Among all the branches of machine learning I'm really interested in unsupervised learning, basically discovering structure in the data without any specific purpose. It is already being used as a way to "bootstrap" other models, extracting features from data and then using a supervised model to put labels on it using training examples.
Some months ago reading about different models I came across Word2vec. Word2vec is a model that let you learn features from text, created by Tomas Mikolov and his friends from Google and detailed in the paper Distributed Representations of Words and Phrases and their Compositionality. Some people say it's semi-supervised because it uses a target function to learn the context of every word in the corpus. It's based on a shallow neural network (1 hidden layer) which is really fast to train and gives you a matrix of M x N (M: vocabulary size and N: number of features). Studying the distance between different vectors that compose this matrix we can find which words are used in similar contexts.
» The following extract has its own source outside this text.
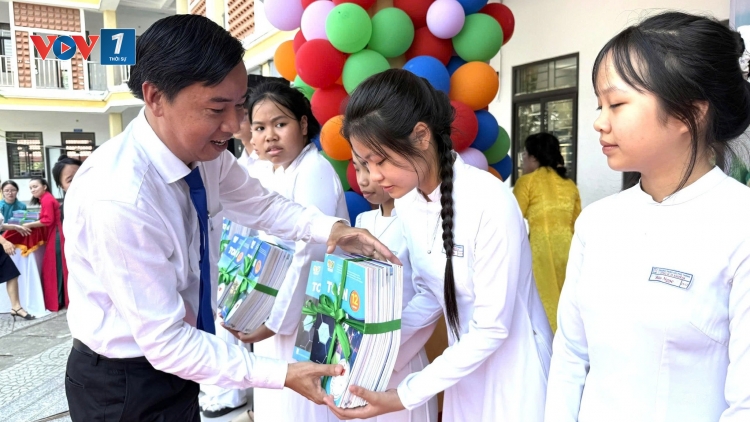 Xã đầu tiên trong cả nước cấp sách giáo khoa miễn phí cho học sinh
I decided to give it a try with a dataset from Oony, a deal-aggregator service I created with Cristian Hentschel. We collected data from more than 150M coupons and products on discount published around the world. As the dataset is quite large I just used a subset from the UK and only in the electronics & technology category.
Some characteristics about the dataset:
- 1132643 records.
- I used only the title and description field.
- Title average length is 61 chars.
- Description average length is 94 chars.
- Is there any structure in the data?
- Will it work well with short titles and descriptions from deals?
Getting the word embedding
- Ran a Python script to extract a text dump of title+description from a PostgreSQL database where all the deals are stored.
- Stripped html tags, converted all to lowercase and removed stopwords using NLTK. Applied the Wordnet lemmatizer to reduce the vocabulary size.
- Saved a 136MB file to disk with a concatenation of all the processed text.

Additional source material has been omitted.